# Restricted Text
The *Restricted Text* format is a subset of the [Basic Text] format. It
incorporates several restrictions which reduce the expressiveness of the format
in order to reduce visual ambiguity.
*This format is entirely hypothetical at this time*. It's formed from a
loose collection of ideas from a variety of sources, and is not yet ready for
any practical purpose.
This format does not define conversion from Basic Text or other less
restrictive formats, as that may cause meaning to be silently lost. Instead,
errors should be reported when content not meeting these restrictions is
encountered in any context where restricted text is expected. See
[Basic Text] for an unrestricted alternative.
## Definitions
A string is in Restricted Text form iff:
- it is in [Basic Text] form, and
- it is in [NFKC] form, and
- it is [Moderately Restricted] text, and
- it does not contain any of the sequences listed in the [Sequence Table].
A stream is in Restricted Text form iff:
- it is a stream in [Basic Text] form, and
- it consists entirely of a string in Restricted Text form.

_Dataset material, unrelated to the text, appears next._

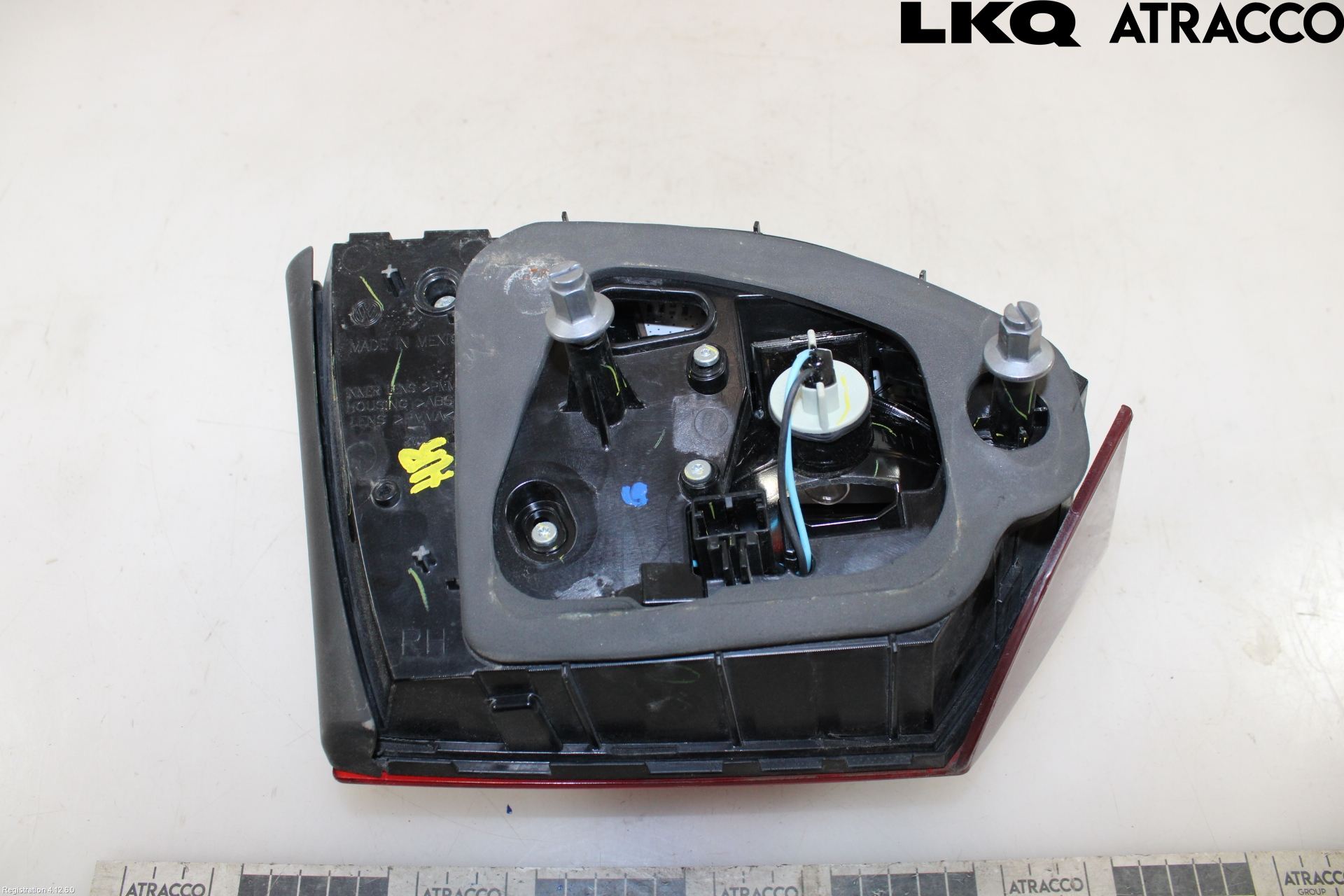 Volkswagen VW JETTA VI 11- Baklykt Høyre  På Luke(Indre)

Note that even though this excludes U+34F (COMBINING GRAPHEME JOINER), the
[Stream Safe Text Format] is still required; content must simply avoid using
excessively long sequences of non-starters.
## Sequence Table
| \[U+FE00–U+FE0F\] | "Variation selectors are not always visually distinct" |
| \[U+E0100–U+E01EF\] | "Variation selectors are not always visually distinct" |
| [Default Ignorable Code Points] | "Default Ignorable Code Points are not visually distinct" |
| [Old Hangul Jamo] | "Conjoining Hangul Jamo are restricted in RFC5892" |
| [Tag Characters] | "Tag Characters are not permitted" |
| [Private-Use Characters] | "Private-use characters depend on private agreements" |
## Conversion
### From Basic Text string to Restricted Text string
To convert a [Basic Text] string into a Restricted Text string in a manner that
never loses information but may fail:
- If performing `toNFKC` with the
[Normalization Process for Stabilized Strings] would alter the contents,
error with "Restricted Text must be in NFKC form".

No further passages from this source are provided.